La récupération des aides parentales dans le cadre de la procédure en liquidation-partage
Dans un post d’août 2023, je me penchais sur la question des donations opérées à un enfant marié (par exemple pour financer en partie l’achat de sa maison conjugale), pour conclure qu’actuellement, on considère que le bénéficiaire de ces donations est bien l’enfant seul et non les deux époux à qui la donation a profité.
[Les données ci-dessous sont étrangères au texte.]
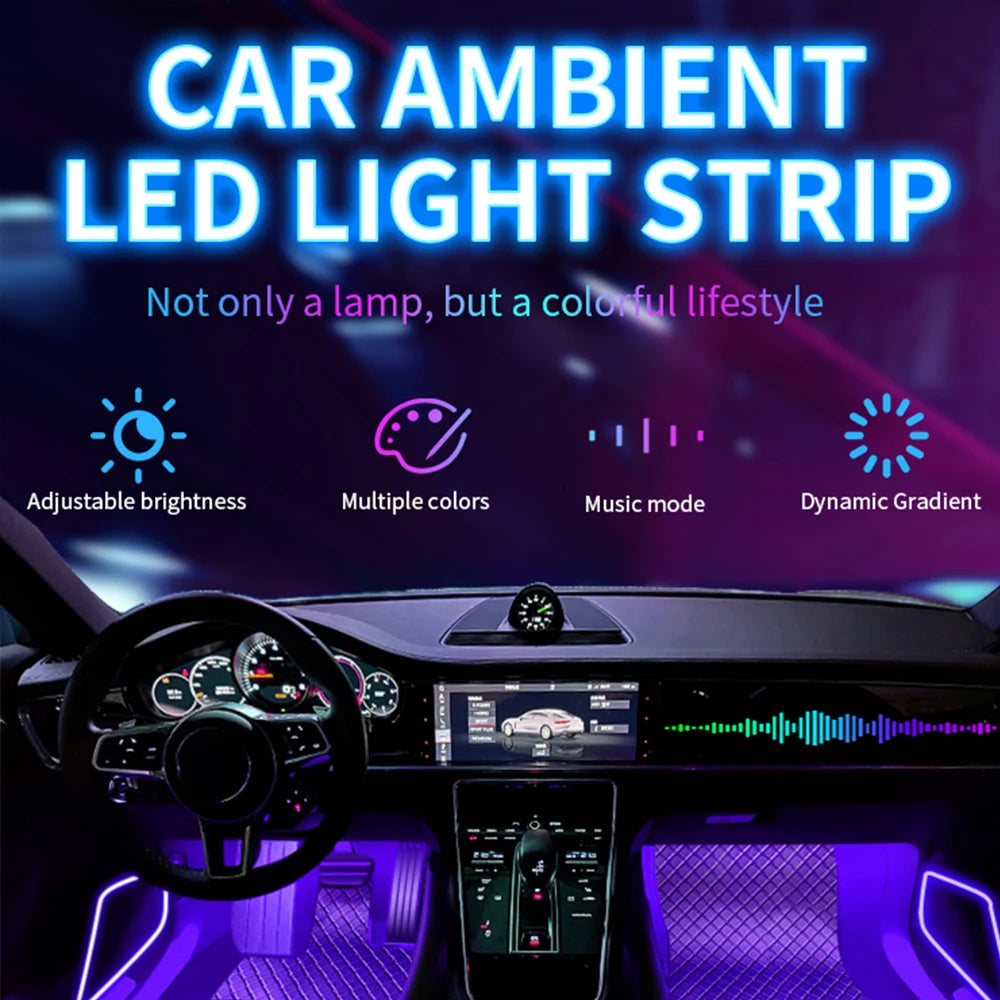 Led Car Ambient Lights RGB Strips Interior Atmosphere Lamp Remote Control interiof environment light car Car Footwell Lights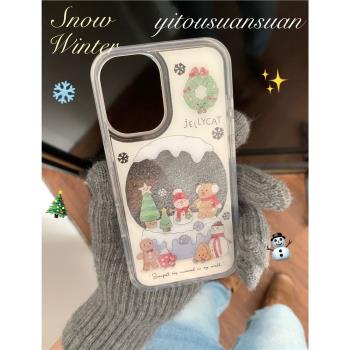 一頭蒜蒜|韓風ins可愛聖誕水晶球雪人流沙冬日氛圍感手機殼適用iPhone16promax全包邊蘋果15防摔14保護套新款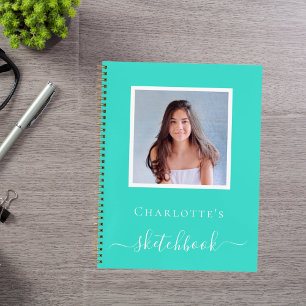 Sketchbook turquoise photo girls typography notebook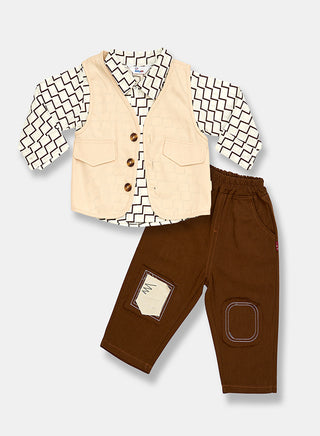 Brown Geometric Shirt With Cream Waistcoat Set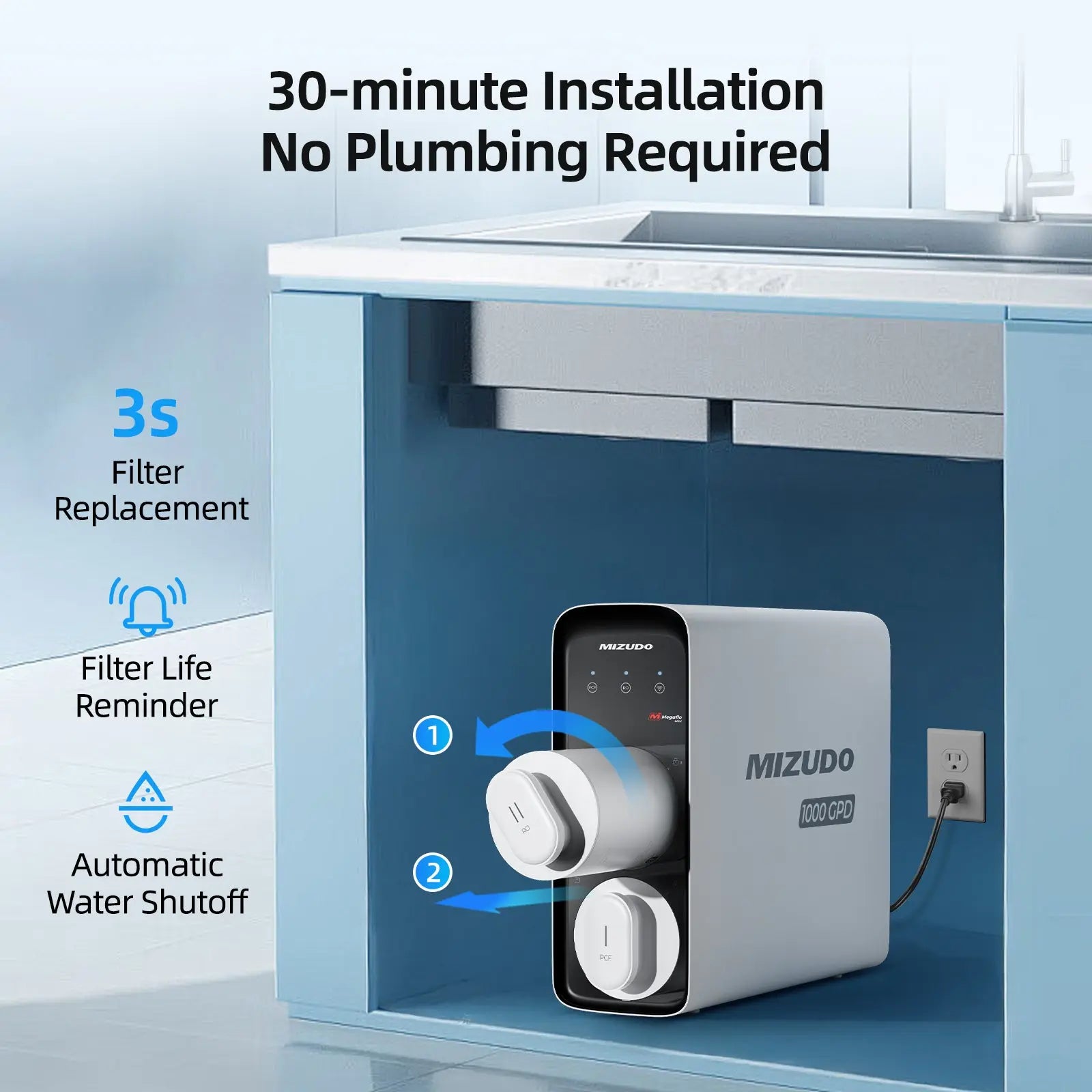 MIZUDO Megaflo Smart Mini 1000GPD Reverse Osmosis Water Filter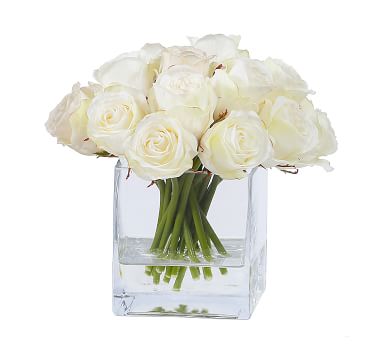 Online Designer Other Faux Composed Roses in Square Vase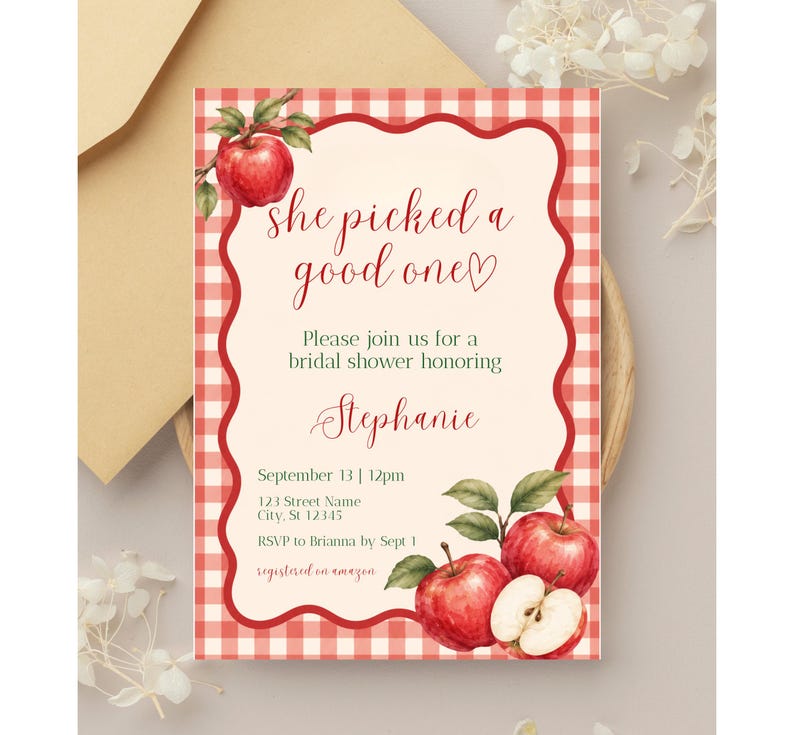 Apple Bridal Shower Invitation, She Picked a Good One Bridal Shower Invitation, Apple-y Ever After, Apple Orchard Invite, Fall Bridal Shower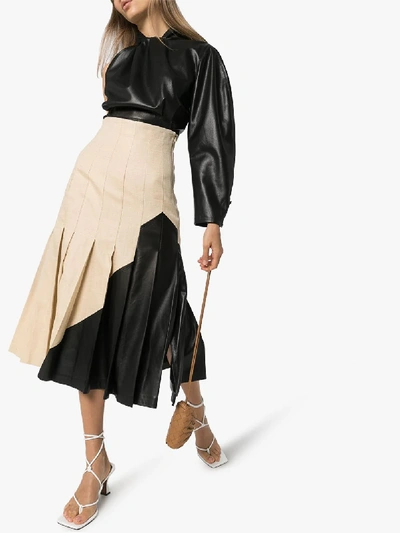 Shop Joseph Saar Pleated Leather Midi Skirt In Neutrals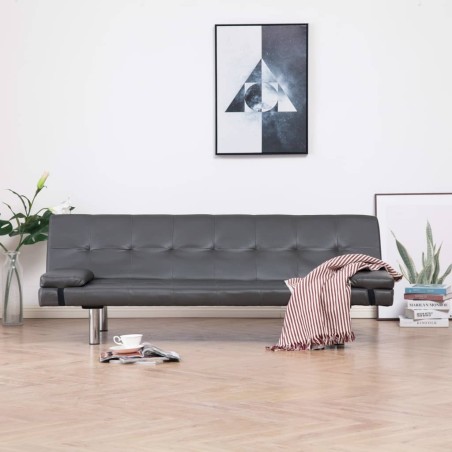 vidaXL Sofá cama con dos almohadas de cuero sintético gris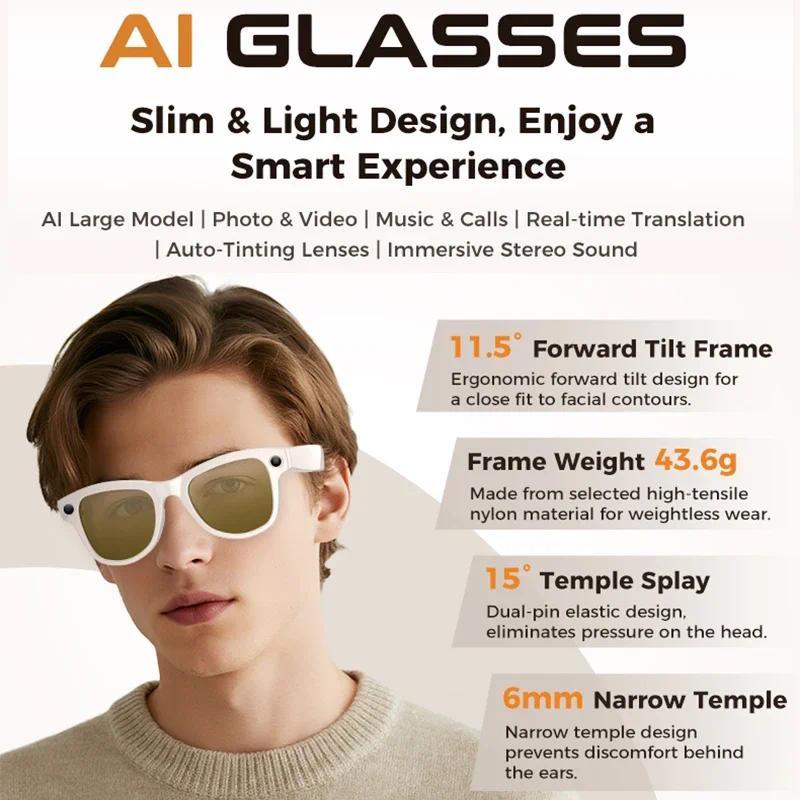 2026 New 4K HD AI Smart Glasses 800MP Camera BT Call 290mAh Battery Translation OTA Updates 32GB Touch Control Smart Glasses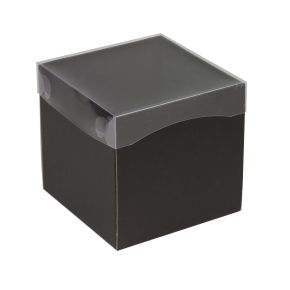 Darčeková krabička s priehľadným vekom 100x100x100/35 mm, čierna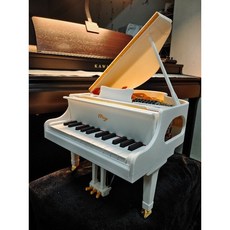 迷你平台鋼琴 透視擒縱機構 全可動彈奏 展示 收藏 擺設 藝術模型, 1個, 白色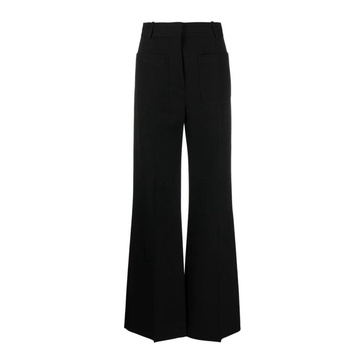 Black Wide Trousers with High-Waisted Fit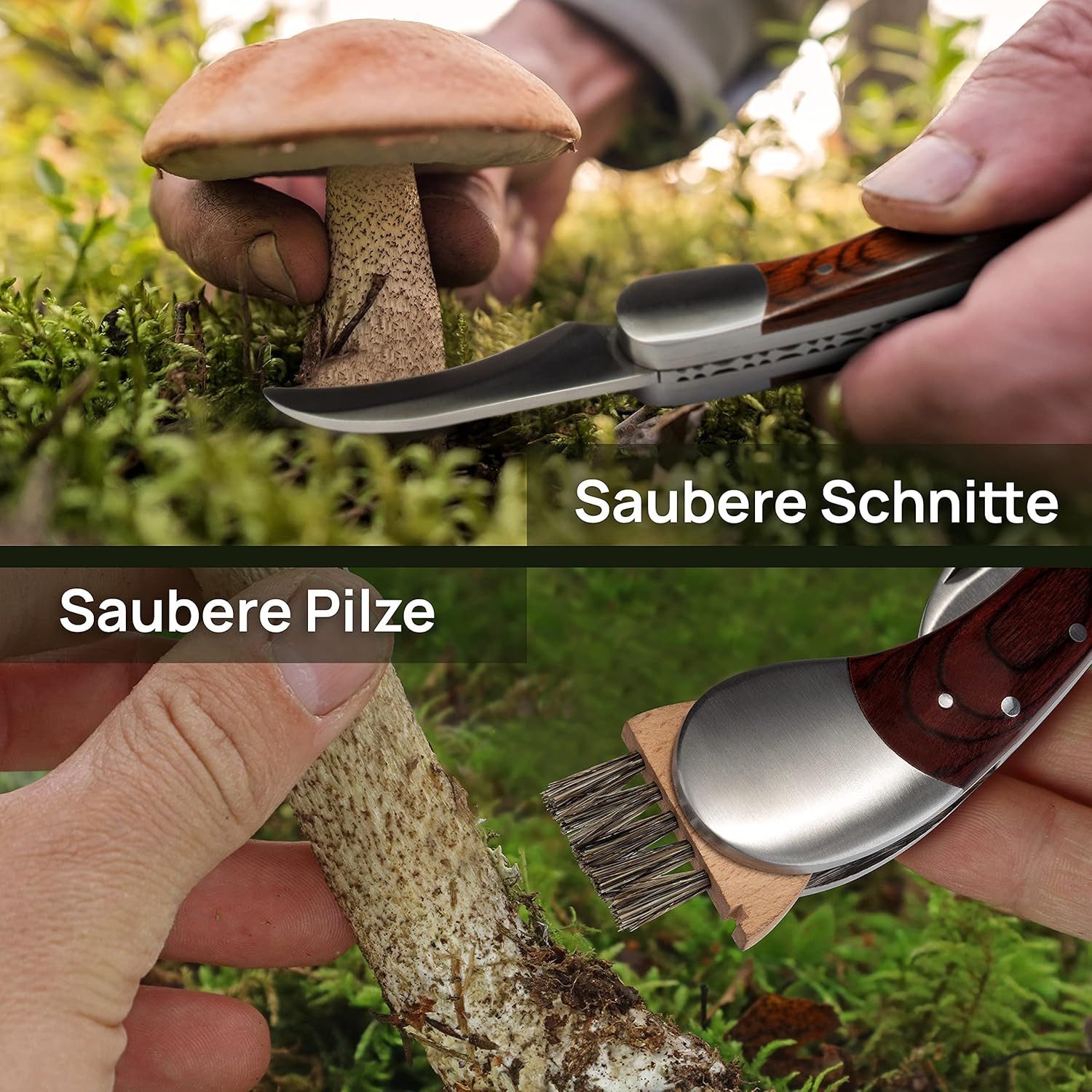 JOBUKAM Allzweckmesser Pilzmesser mit Bürste 19,3cm im ausgeklappten Zustand, Schwammerlmesser aus hochwertigen Edelstahl – Bild 3 von 5
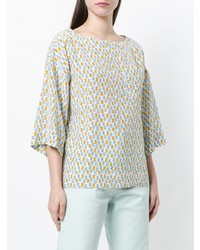 Разноцветная блуза с коротким рукавом с принтом от Marni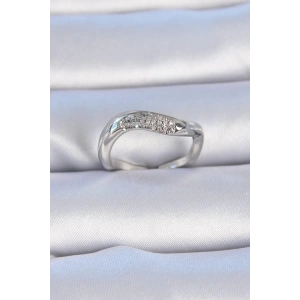 BFS Pirinç Gümüş Renk Zirkon Taşlı Kadın Yüzük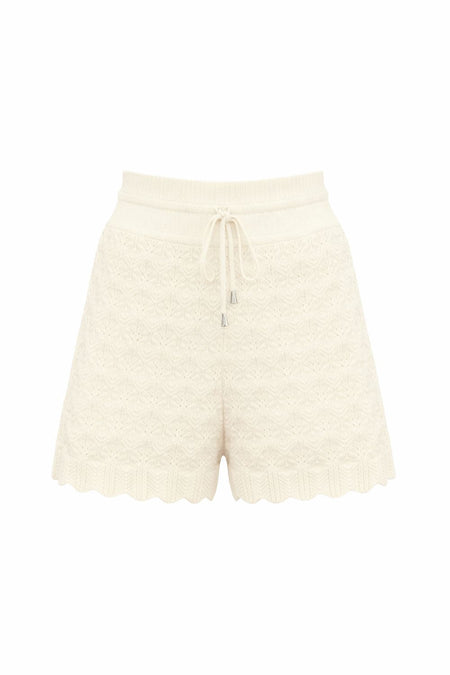 Shorts Tricot Lily Branco Marfim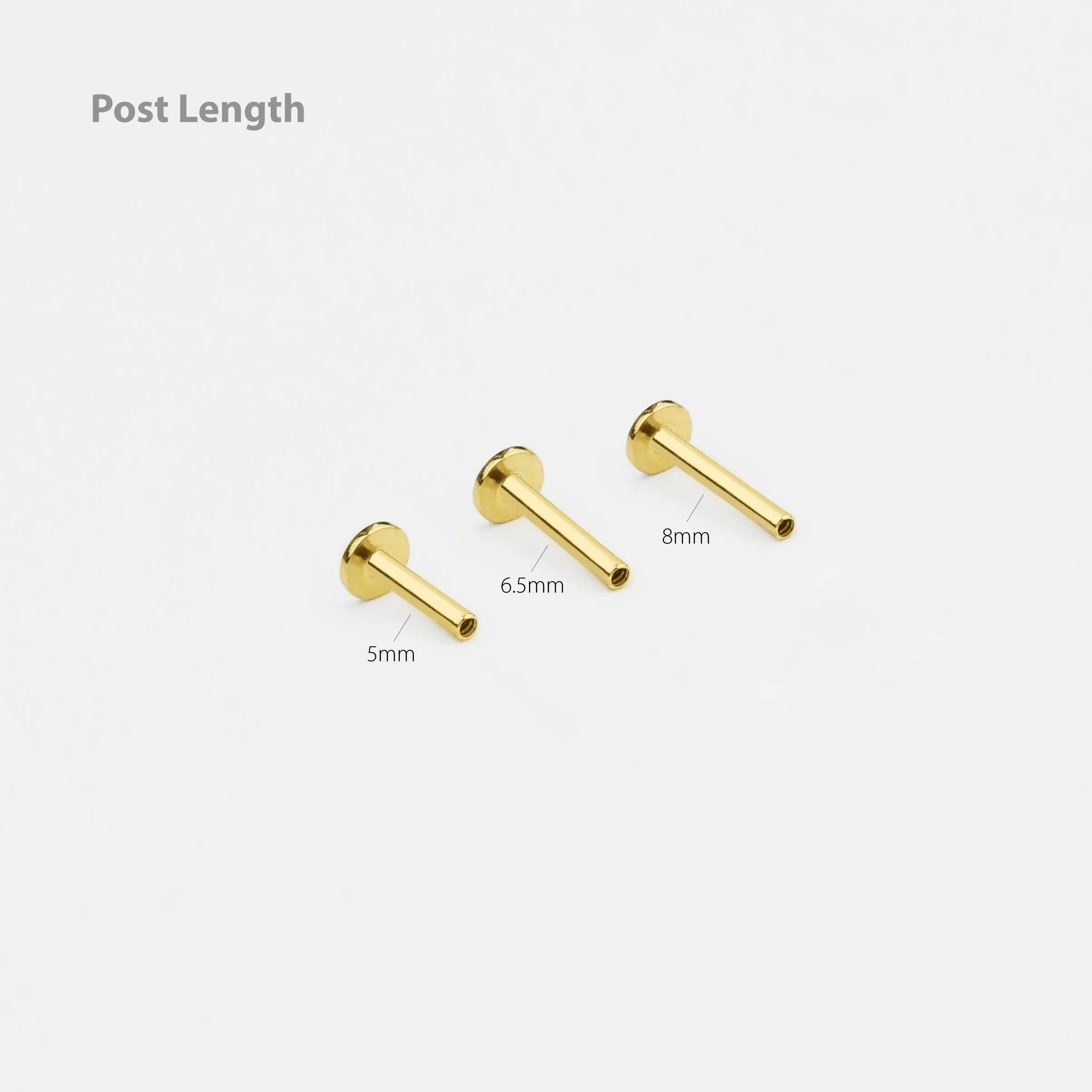 14k Solid Gold Tiny Geometric Internally Threaded Labret Stud Earring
Mais une donation suppose qu’on puisse établir l’animus donandi, c’est-à-dire l’intention de donner ou de se défaire de la somme irrévocablement :
Si ce n’est pas possible, le virement fait à l’enfant marié – l’aide financière qui lui a été apportée en d’autres termes, sera considéré comme un prêt ou une avance récupérable.
Concrètement, lors du divorce de cet enfant, se pose la question du sort à réserver à ce prêt, généralement consenti, encore une fois, lors de l’achat du logement familial ou pour y réaliser des travaux :
Comment les parents peuvent-ils revendiquer concrètement leur créance dans le cadre d’une procédure en liquidation-partage après le divorce de l’enfant qu’ils ont ainsi aidé ?
Ils ont évidemment intérêt à le faire pour alléger la charge de leur enfant dans le cadre des comptes issus du divorce : en effet, techniquement, ils ne réclameront pas le paiement effectif de la moitié due par leur enfant, mais uniquement celle due par leur belle-fille ou leur beau-fils ;
A cet égard, trois possibilités s’offrent à eux :
1.La créance des parents n’est pas contestée par les deux ex-époux
Si les deux ex-époux sont d’accord d’inscrire le montant de l’aide au passif de la masse à partager, il leur suffit simplement de l’indiquer au notaire charger de la liquidation-partage de leurs biens :
Le parent titulaire de la créance ne devra donc rien faire et se fera rembourser le montant versé au moment où les comptes entre époux seront clôturés, par exemple après la vente de leur domicile conjugal.
2.Créance revendiquée directement par les parents
La jurisprudence a expressément admis qu’un parent puisse intervenir aux opérations de liquidation-partage du régime matrimonial afin de revendiquer sa créance à l’égard des ex-époux.
Afin d’intervenir dans la procédure, le parent doit déposer une requête en intervention volontaire par laquelle il réclame le remboursement de sa créance ;
Même si la créance n’est pas encore établie, il suffit de démontrer au tribunal qu’il existe un risque qu’on porte atteinte à son droit d’être payé au moment où il forme son intervention.
L’admissibilité de cette intervention résulte du fait que l’ex-époux ne peut pas lui-même revendiquer une créance au nom de ses parents dans la procédure car, pour réclamer la reconnaissance d’un droit, il faut en être propriétaire[1].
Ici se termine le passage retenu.